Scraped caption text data
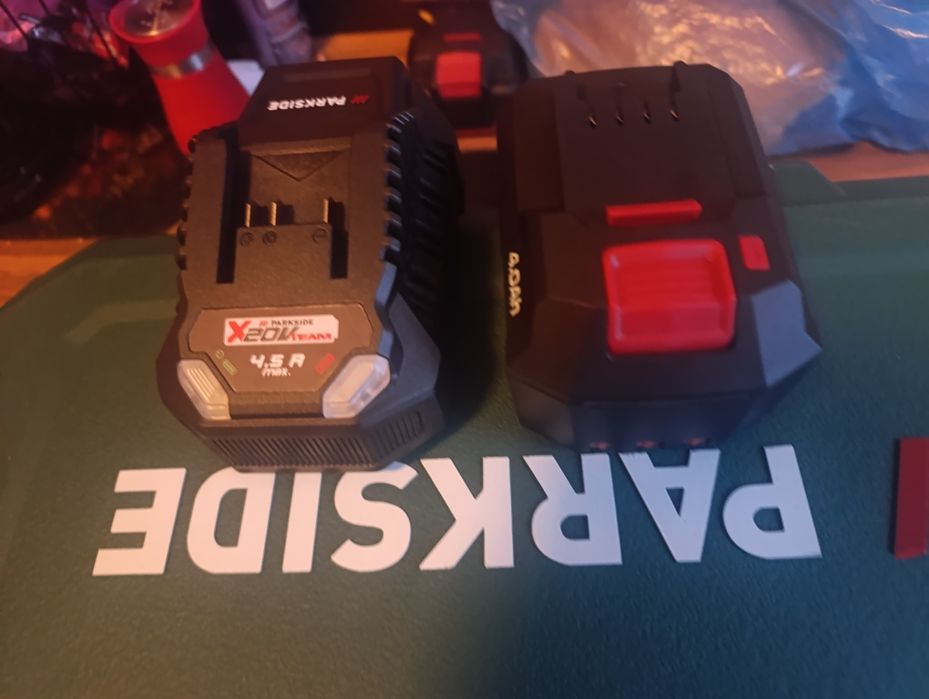 Încărcător și Acumulator 20v 4ah seria noul model parkside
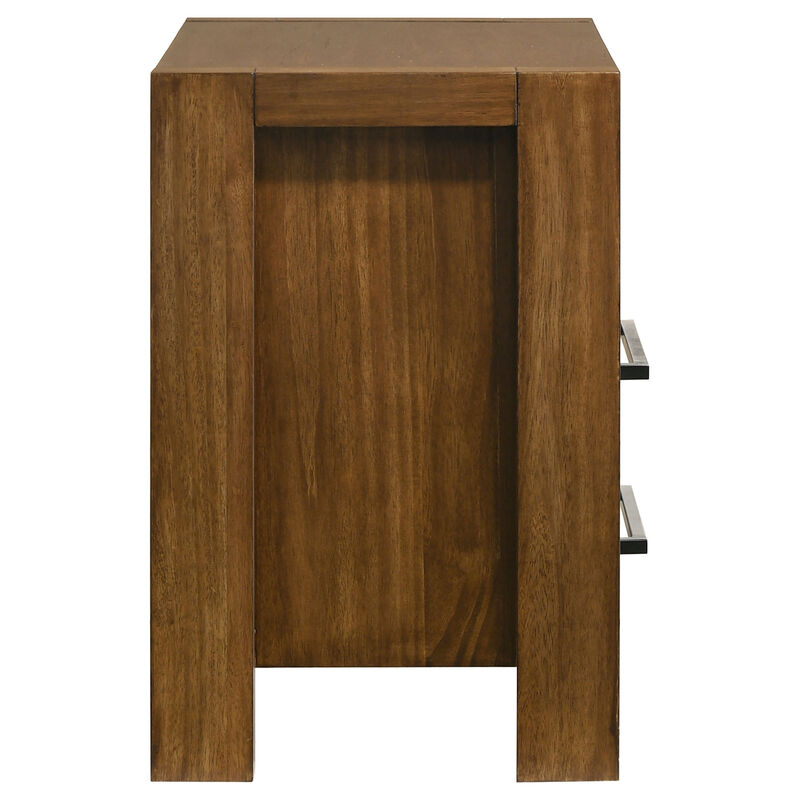 Tusmuk Queen 3-Piece Bedroom Set image number 6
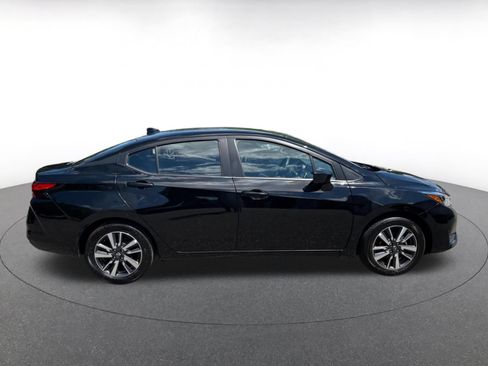 Used 2025 Nissan Versa SV FWD image 15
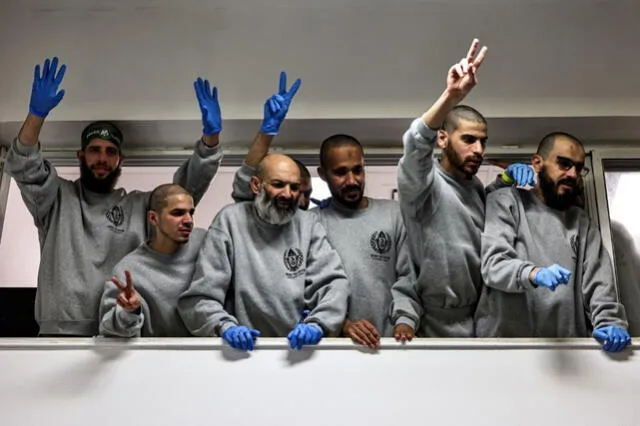 Entre los liberados por Israel se destaca Mohamed Tous, el palestino detenido por más tiempo sin interrupción (desde 1985). Foto: AFP Entre los liberados por Israel se destaca Mohamed Tous, el palestino detenido por más tiempo sin interrupción (desde 1985). Foto: AFP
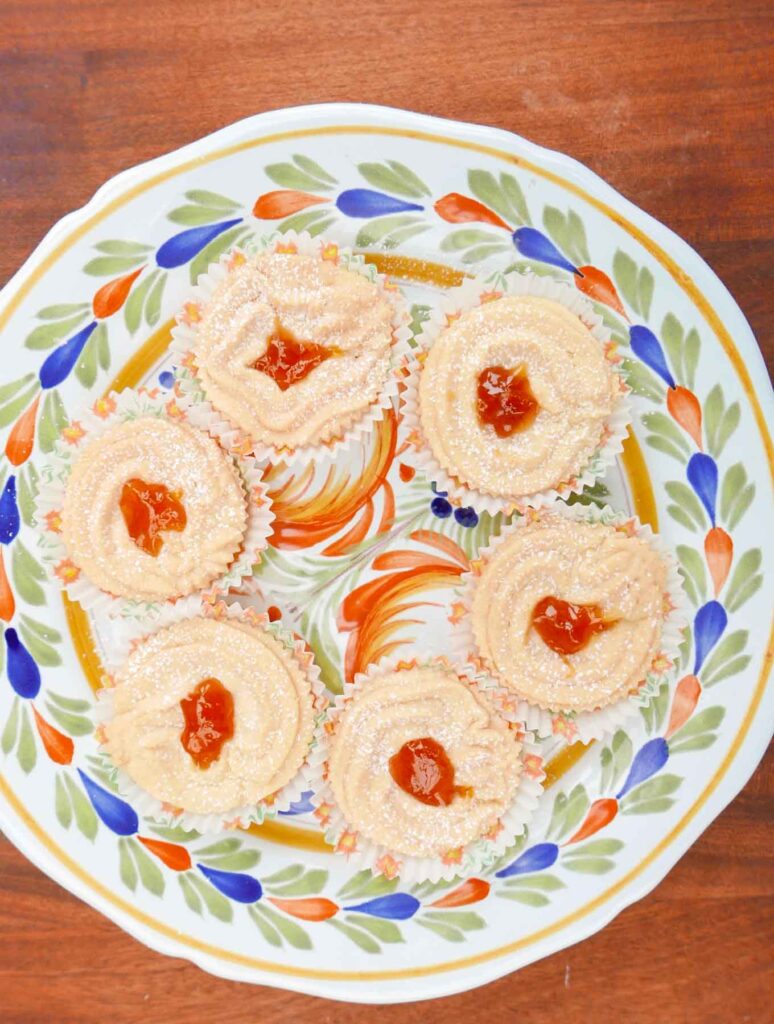 Swiss tarts on a Mediterranean plate. Crumbly shortcake with jam , sprinkled with icing sugar.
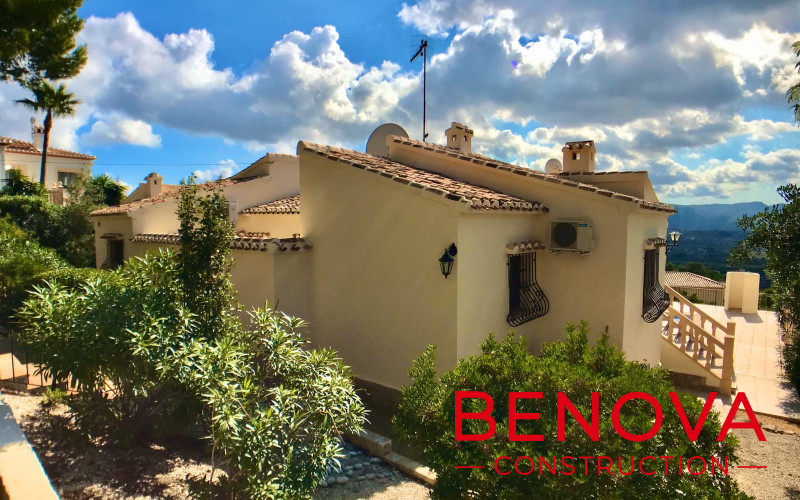 Casa de verano / construcción de cocina, extensión de terraza y baldosas, renovación de piscina y reforma exterior en la villa en Javea,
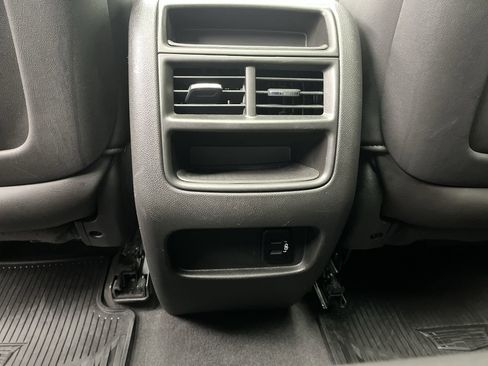 Used 2017 Cadillac XT5 Luxury image 13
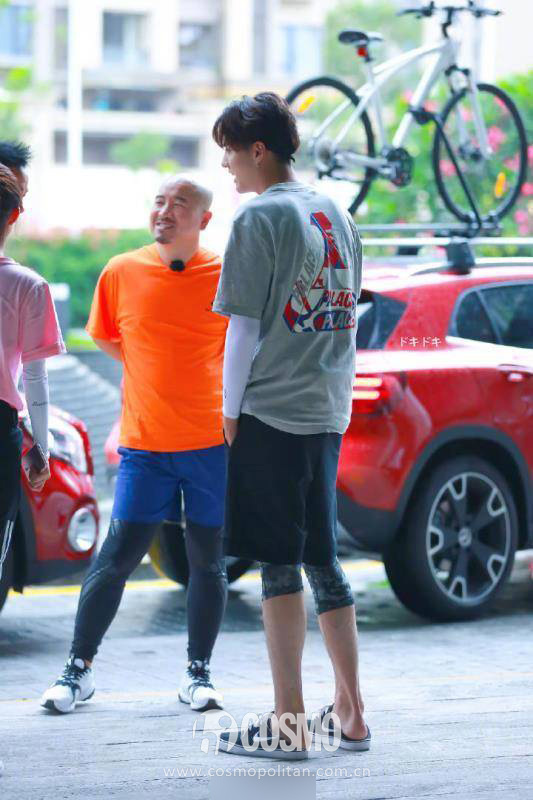 一般直男真学不来吴亦凡的衣品 不信你看!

What to produce: Please give the entries above again exactly as written, leaving out any pictures.

Solution to the problem:
 Încărcător și Acumulator 20v 4ah seria noul model parkside
 Tusmuk Queen 3-Piece Bedroom Set image number 6
 Used 2025 Nissan Versa SV FWD image 15
 Entre los liberados por Israel se destaca Mohamed Tous, el palestino detenido por más tiempo sin interrupción (desde 1985). Foto: AFP Entre los liberados por Israel se destaca Mohamed Tous, el palestino detenido por más tiempo sin interrupción (desde 1985). Foto: AFP
 Swiss tarts on a Mediterranean plate. Crumbly shortcake with jam , sprinkled with icing sugar.
 Casa de verano / construcción de cocina, extensión de terraza y baldosas, renovación de piscina y reforma exterior en la villa en Javea,
 Used 2017 Cadillac XT5 Luxury image 13
 一般直男真学不来吴亦凡的衣品 不信你看!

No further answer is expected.